Early Life
The son of John Herbert Prescott, a railway signalman and Labour councillor, and Phyllis, and grandson of a miner, Prescott was born in Prestatyn, Flintshire (now in Denbighshire), Wales, on 31 May 1938. In 2009, he said: "I’ve always felt very proud of Wales and being Welsh...I was born in Wales, went to school in Wales and my mother was Welsh. I’m Welsh. It’s my place of birth, my country."
He left Wales in 1942 at the age of four and was brought up initially in Brinsworth in South Yorkshire, England. He attended Brinsworth Primary School (known then as Brinsworth Manor School), where in 1949 he sat but failed the 11-plus examination to attend Rotherham Grammar School.

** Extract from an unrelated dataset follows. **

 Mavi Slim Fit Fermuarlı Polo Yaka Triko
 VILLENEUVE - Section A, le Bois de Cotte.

Shortly after, his family moved to Upton, Cheshire, and he went to school in nearby Ellesmere Port, where he attended Grange Secondary Modern School.

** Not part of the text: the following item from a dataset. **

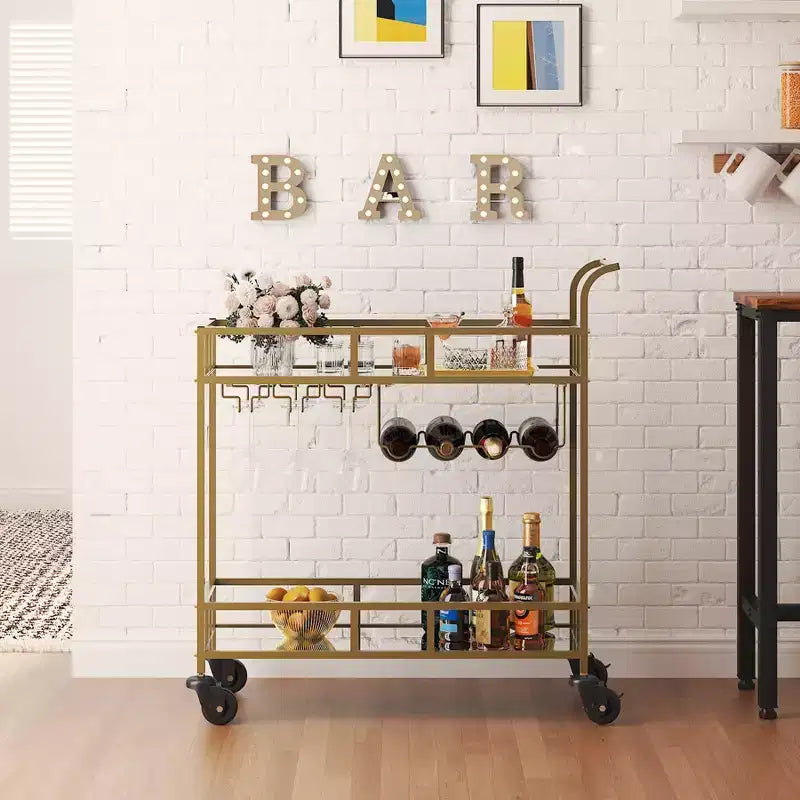 Chariot de bar à roulettes à 2 niveaux, petit chariot à alcool avec étagères en miroir, porte-bouteilles et porte-verres, compact pour les fêtes dans le salon, argenté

He became a steward and waiter in the Merchant Navy, thus avoiding National Service, working for Cunard, and was a popular left-wing union activist. Prescott's time in the Merchant Marine included a cruise from England to New Zealand in 1957. Among the passengers was Sir Anthony Eden, recuperating after his resignation over the Suez Crisis. Prescott reportedly described Eden as a "real gentleman". Apart from serving Eden, who stayed in his cabin much of the time, Prescott also won several boxing contests, at which Eden presented the prizes. He married Pauline "Tilly" Tilston at Upton Church in Chester on 11 November 1961. He then went to the independent Ruskin College in Oxford, which specialises in courses for union officials, where he gained a diploma in economics and politics in 1965. In 1968, he obtained a BSc in economics and economic history at the University of Hull.